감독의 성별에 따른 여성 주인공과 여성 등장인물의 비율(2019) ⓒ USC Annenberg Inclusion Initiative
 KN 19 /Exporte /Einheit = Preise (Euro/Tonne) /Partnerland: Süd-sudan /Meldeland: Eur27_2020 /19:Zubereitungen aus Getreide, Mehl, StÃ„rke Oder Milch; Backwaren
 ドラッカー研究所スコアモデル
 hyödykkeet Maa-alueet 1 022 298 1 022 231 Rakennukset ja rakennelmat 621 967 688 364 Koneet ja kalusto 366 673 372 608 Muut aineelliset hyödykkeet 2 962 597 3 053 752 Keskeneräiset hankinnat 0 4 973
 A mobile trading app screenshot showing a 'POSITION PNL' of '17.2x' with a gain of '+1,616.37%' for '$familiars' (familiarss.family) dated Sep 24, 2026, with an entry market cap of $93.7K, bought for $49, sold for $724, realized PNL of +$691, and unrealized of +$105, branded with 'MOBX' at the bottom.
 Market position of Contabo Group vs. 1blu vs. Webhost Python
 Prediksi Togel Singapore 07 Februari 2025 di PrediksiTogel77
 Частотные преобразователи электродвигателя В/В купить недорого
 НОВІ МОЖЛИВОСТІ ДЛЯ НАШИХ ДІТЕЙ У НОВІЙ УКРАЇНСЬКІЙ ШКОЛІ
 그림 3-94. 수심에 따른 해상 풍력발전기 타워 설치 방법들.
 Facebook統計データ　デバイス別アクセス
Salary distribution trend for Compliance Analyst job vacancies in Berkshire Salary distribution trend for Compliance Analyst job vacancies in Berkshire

# # #

WHAT YOU NEED TO DO: Using the listing above, reproduce each line without omission.

EXPECTED ANSWER:
감독의 성별에 따른 여성 주인공과 여성 등장인물의 비율(2019) ⓒ USC Annenberg Inclusion Initiative
 KN 19 /Exporte /Einheit = Preise (Euro/Tonne) /Partnerland: Süd-sudan /Meldeland: Eur27_2020 /19:Zubereitungen aus Getreide, Mehl, StÃ„rke Oder Milch; Backwaren
 ドラッカー研究所スコアモデル
 hyödykkeet Maa-alueet 1 022 298 1 022 231 Rakennukset ja rakennelmat 621 967 688 364 Koneet ja kalusto 366 673 372 608 Muut aineelliset hyödykkeet 2 962 597 3 053 752 Keskeneräiset hankinnat 0 4 973
 A mobile trading app screenshot showing a 'POSITION PNL' of '17.2x' with a gain of '+1,616.37%' for '$familiars' (familiarss.family) dated Sep 24, 2026, with an entry market cap of $93.7K, bought for $49, sold for $724, realized PNL of +$691, and unrealized of +$105, branded with 'MOBX' at the bottom.
 Market position of Contabo Group vs. 1blu vs. Webhost Python
 Prediksi Togel Singapore 07 Februari 2025 di PrediksiTogel77
 Частотные преобразователи электродвигателя В/В купить недорого
 НОВІ МОЖЛИВОСТІ ДЛЯ НАШИХ ДІТЕЙ У НОВІЙ УКРАЇНСЬКІЙ ШКОЛІ
 그림 3-94. 수심에 따른 해상 풍력발전기 타워 설치 방법들.
 Facebook統計データ　デバイス別アクセス
Salary distribution trend for Compliance Analyst job vacancies in Berkshire Salary distribution trend for Compliance Analyst job vacancies in Berkshire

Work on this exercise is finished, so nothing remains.